Giant rosettes were found occasionally in P vivax isolates; 10% of the rosettes found in P vivax isolates were giant rosettes. On the other hand, only 0.5% of the rosettes found in P falciparum isolates were giant rosettes. Besides the asexual stages, gametocytes of P vivax were found to be involved in rosette formation (Figure 2B). Involvement of gametocyte-infected erythrocytes in rosette formation was found in P falciparum isolates as well (Figure 2B).

Rosetting occurs as frequently in isolates of P vivax (91.5%; 43 of 47) as it does in P falciparum (79.5%; 31 of 39) confirming earlier studies by Udomsanpetch et al.¹⁰  Interestingly, the median rate of rosetting was significantly higher in P vivax (24.5%) when compared with P falciparum (9.0%) isolates from the same area in Thailand (P < .001) (Figure 3A). No significant correlation was found between the rosetting rate and parasitemia or ABO blood groups in both vivax and falciparum malaria patients (Figure 3B-C). The parasitemia range for P vivax and P falciparum was 0.01% to 1.70% and 0.10% to 11.00%, respectively.

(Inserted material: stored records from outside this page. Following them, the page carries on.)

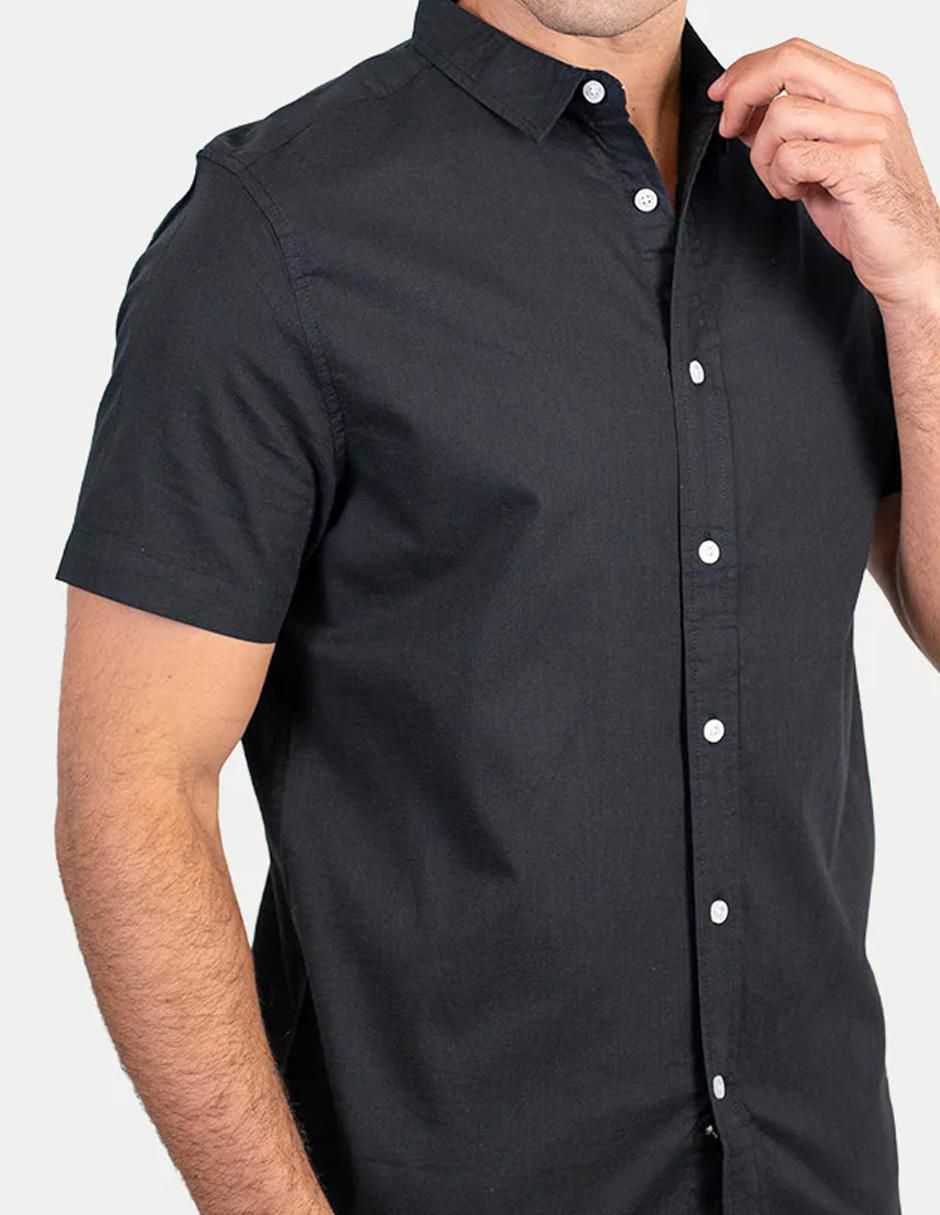 Camisa casual de algodón manga corta para hombre 3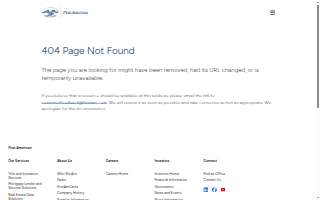 First American Title Insurance Company website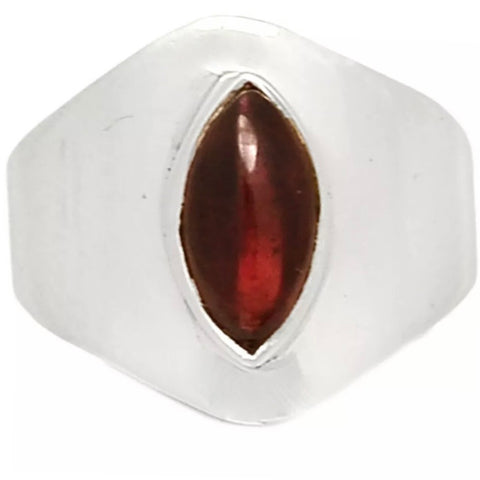 Garnet Marquise Sterling Silver Ring - Keja Designs Jewelry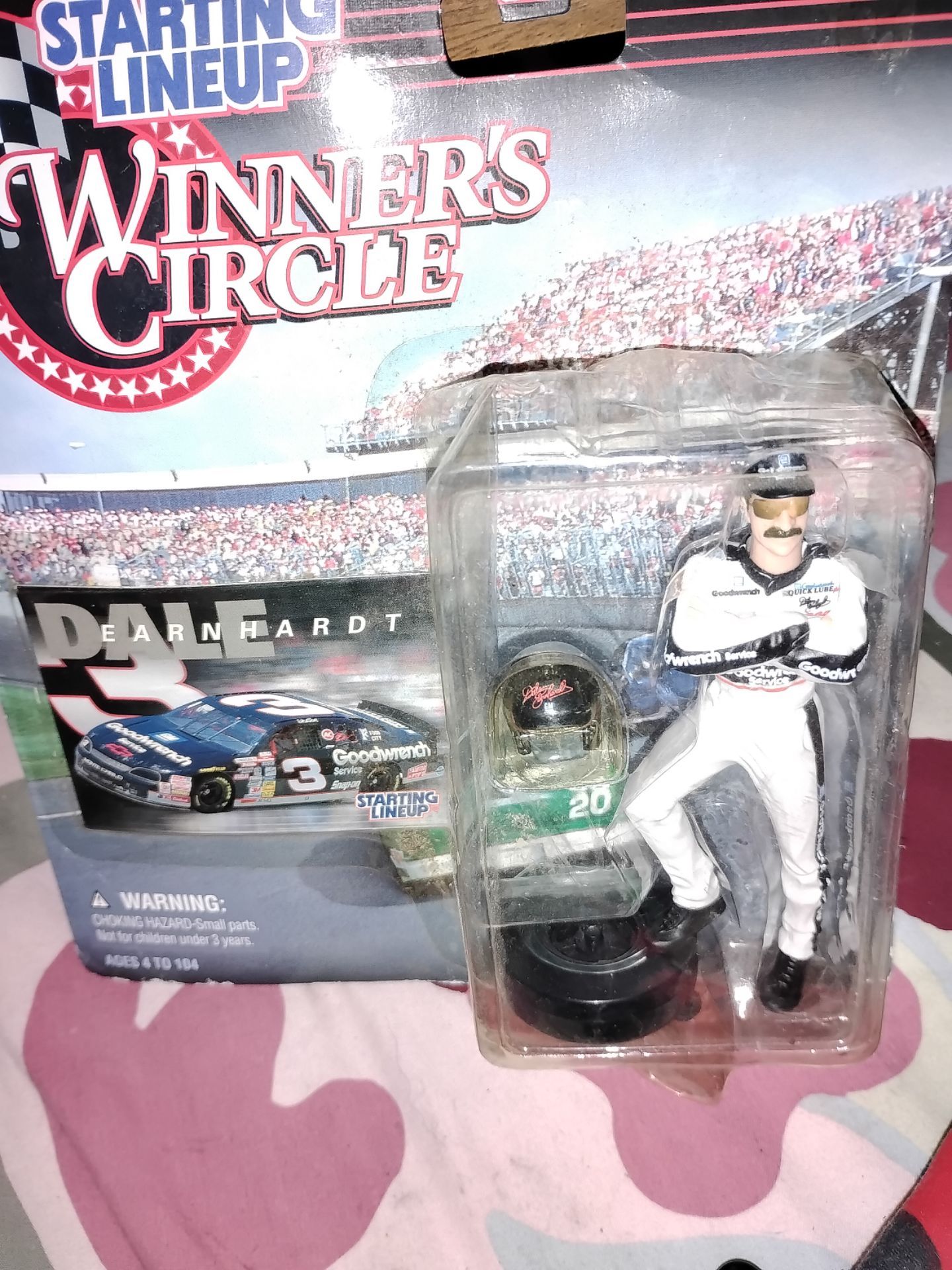 legend Race Car Driver Figure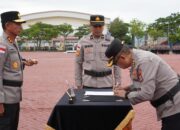 Karorena Polda Aceh Serahkan Jabatan, Kapolda Sampaikan Apresiasi dan Pesan Menjelang Purna Tugas
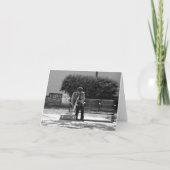 Saxophone Player Note Card Karte (Vorderseite)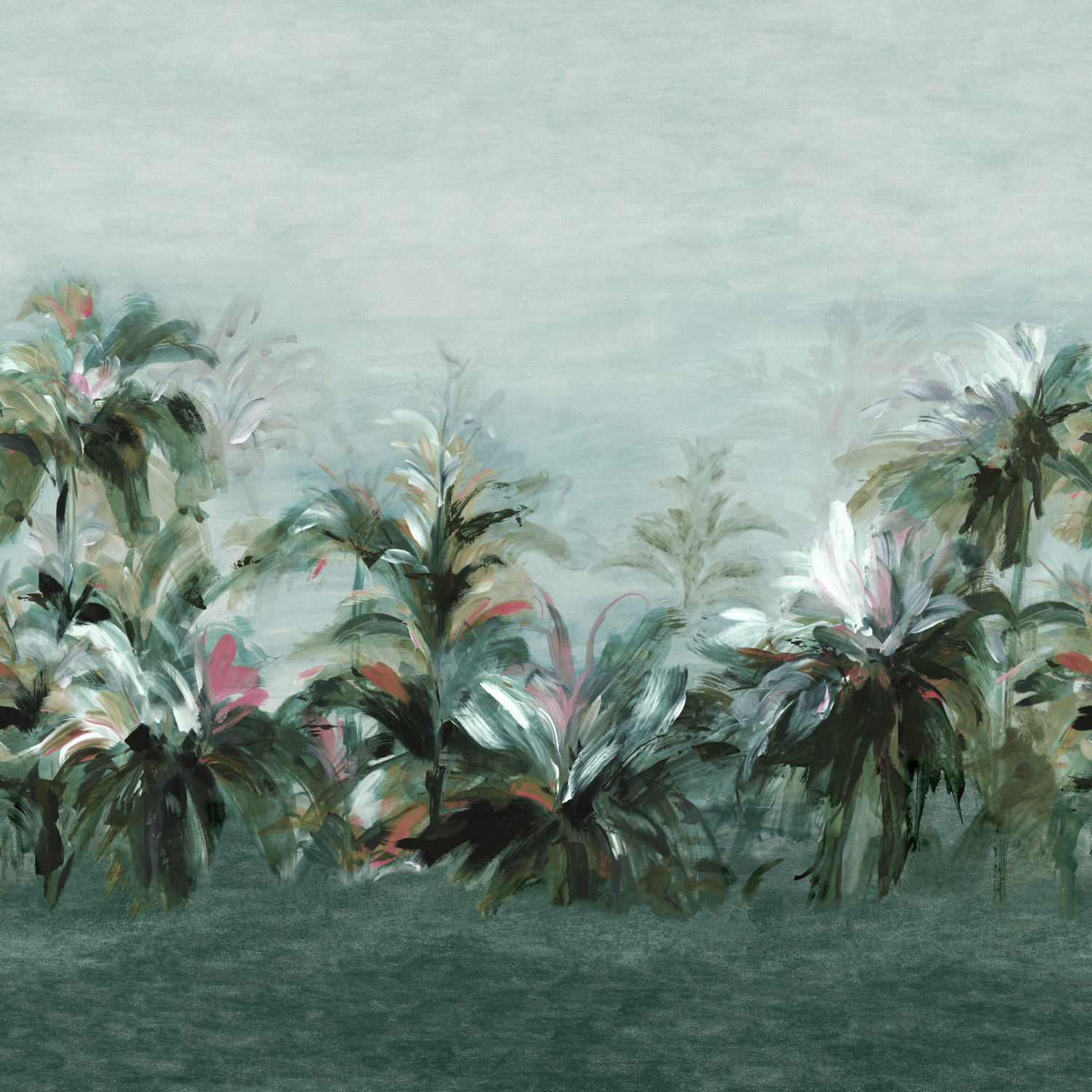 Tapete Alberi - Teal/ Fuchsia Banner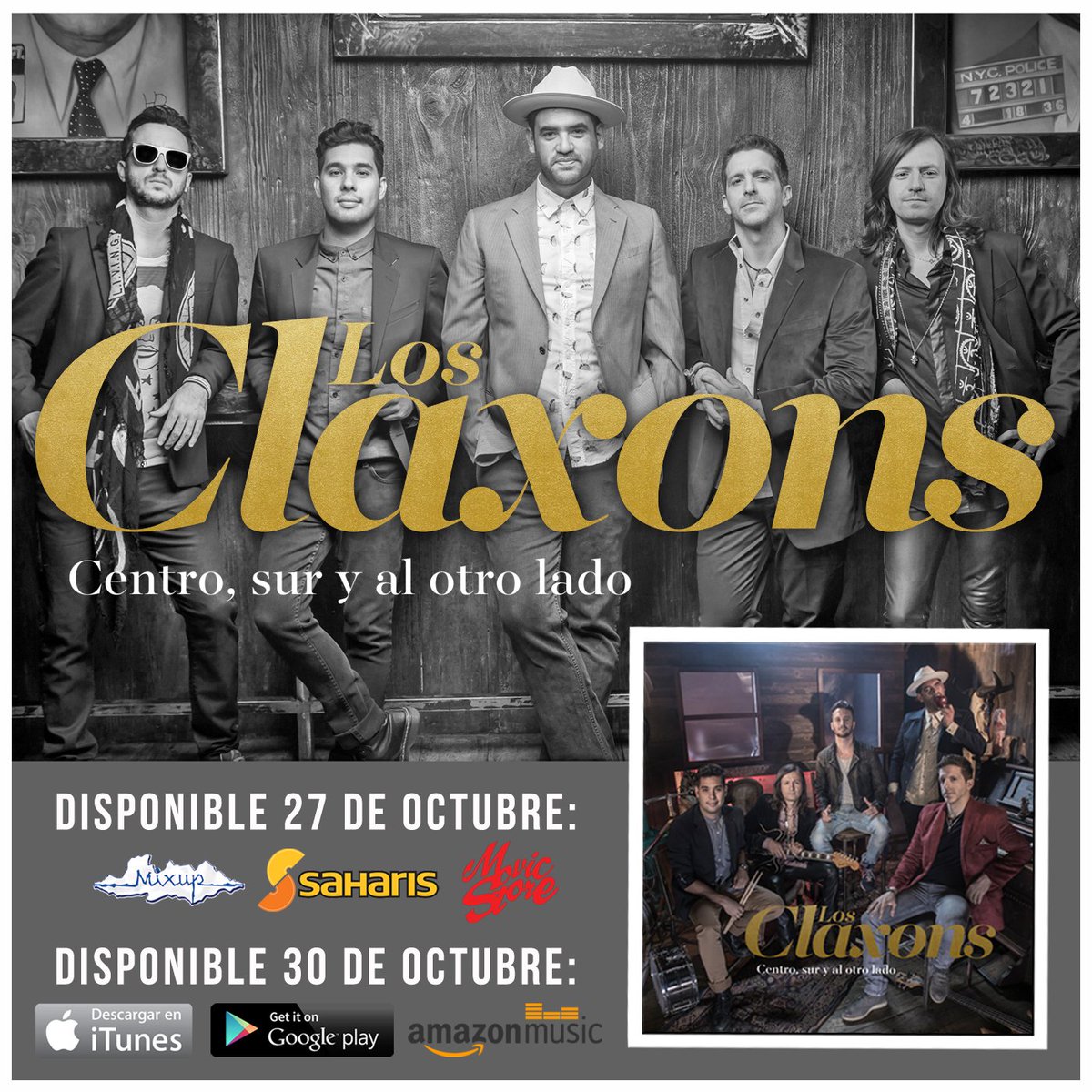 LosClaxons's tweet photo. ¡¡¡MAÑANA #CentroSurYalOtroLado a la venta en Todo México!!!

The availability of reticulocytes in the peripheral blood of vivax or falciparum malaria patients had no bearing on the incidence of rosettes (Figure 3D). Close inspection of rosettes from 9 vivax malaria (562 rosettes) and 11 falciparum (391 rosettes) malaria isolates revealed that only ∼10% of rosettes involved attachment of reticulocytes (and in these cases only 1 reticulocyte per rosette could be observed); the majority of rosettes were exclusively composed of mature erythrocytes (Figure 4A).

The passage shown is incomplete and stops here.